Videos | July 15, 2014

Can bitcoin and other virtual currencies ever replace “real” money?

Bitcoin and other virtual currencies have hit the headlines but can they replace traditional money? In the July 2014 economic update video for eZonomics, ING senior economist Teunis Brosens explains the three defining properties of money – and why one of bitcoin’s goals could ultimately be its undoing.


What is money?
Bitcoin is a digital currency that was launched in 2009 the value of which, as explained here, has already undergone several speculative crises as well as increasing tenfold in 2013.
When examining if bitcoin could ever replace “real” money, Brosens highlighted three defining properties of money – being a means of exchange, a unit of account, and a store of value.
“Virtual currencies may in the future tick the first box, if they are accepted more widely. But the second and third are more problematic, because the value of bitcoin is very volatile,” said Brosens.

Central banks regulate money supply
With real currencies, central banks regulate money supply and prices through interest rates.
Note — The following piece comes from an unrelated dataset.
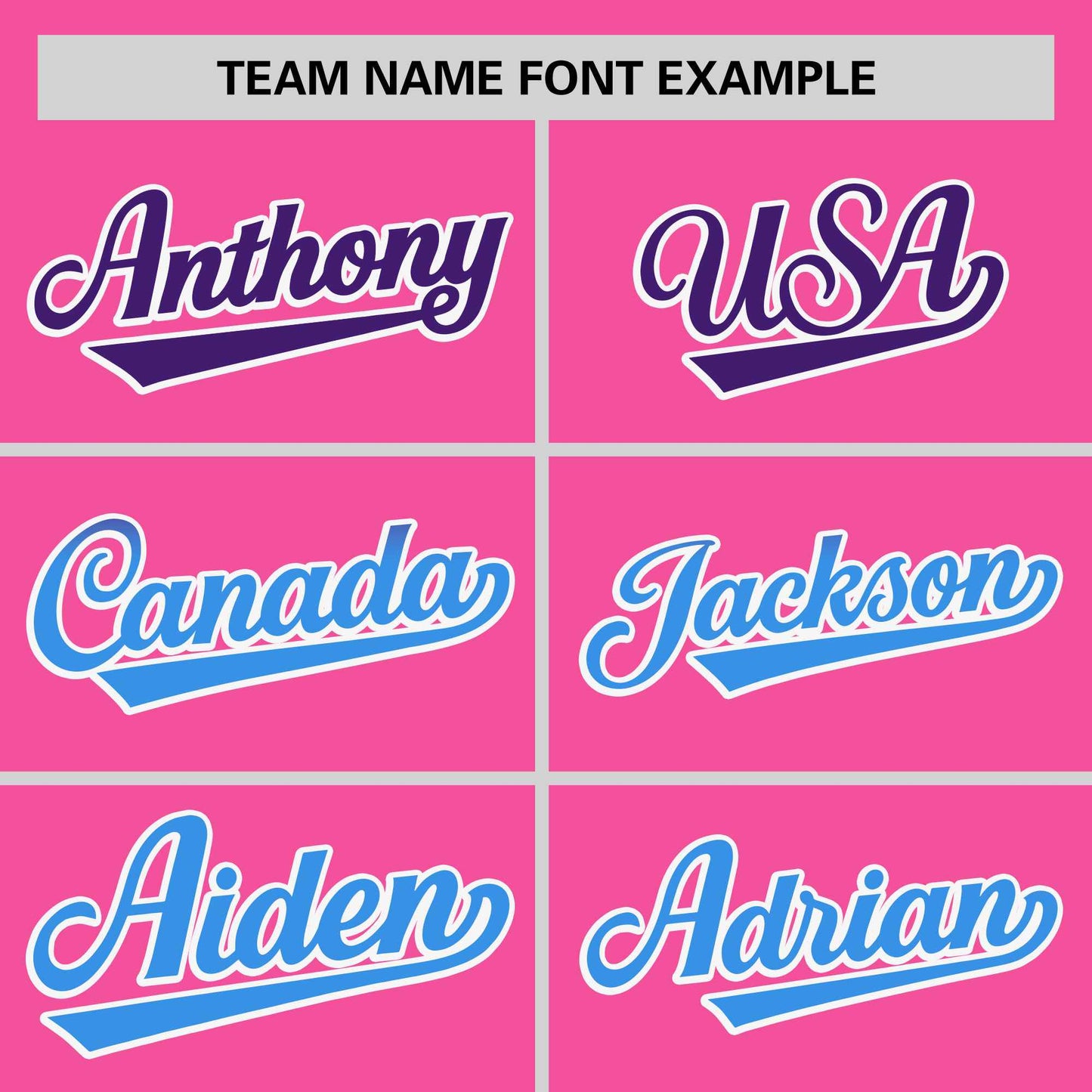 Custom Pink Purple-Powder Blue Personalized Gradient Font And Side Design Authentic Baseball Jersey Limited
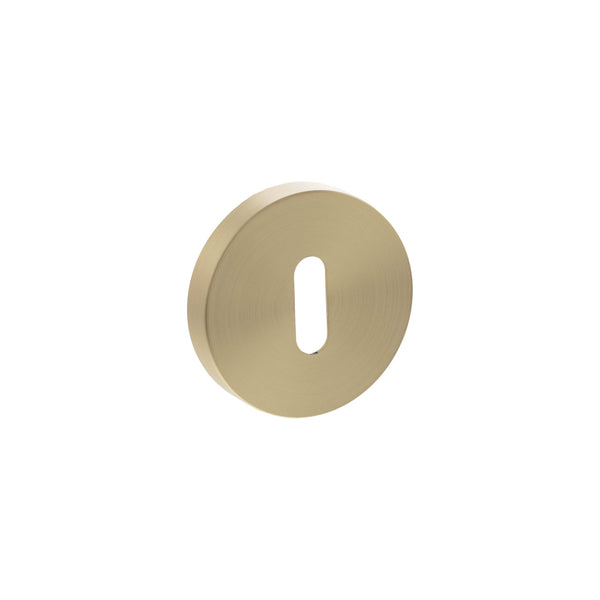 Senza Pari Key Escutcheons on Minimal Round Rose by Atlantic Hardware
During the global financial crisis, for example, there was quantitative easing – also known as QE or money printing – in many parts of the world, in which additional money was created with the aim of helping economies.
Bitcoin, however, comes into circulation when it is “mined” by the public, at a rate that is predetermined.
“But it is an explicit goal of bitcoin and other cryptocurrencies to do away with central authorities,” said Brosens. “This explicit goal could be bitcoin’s undoing as without a regulating authority, price and exchange rate volatility complicates its adoption as real money.”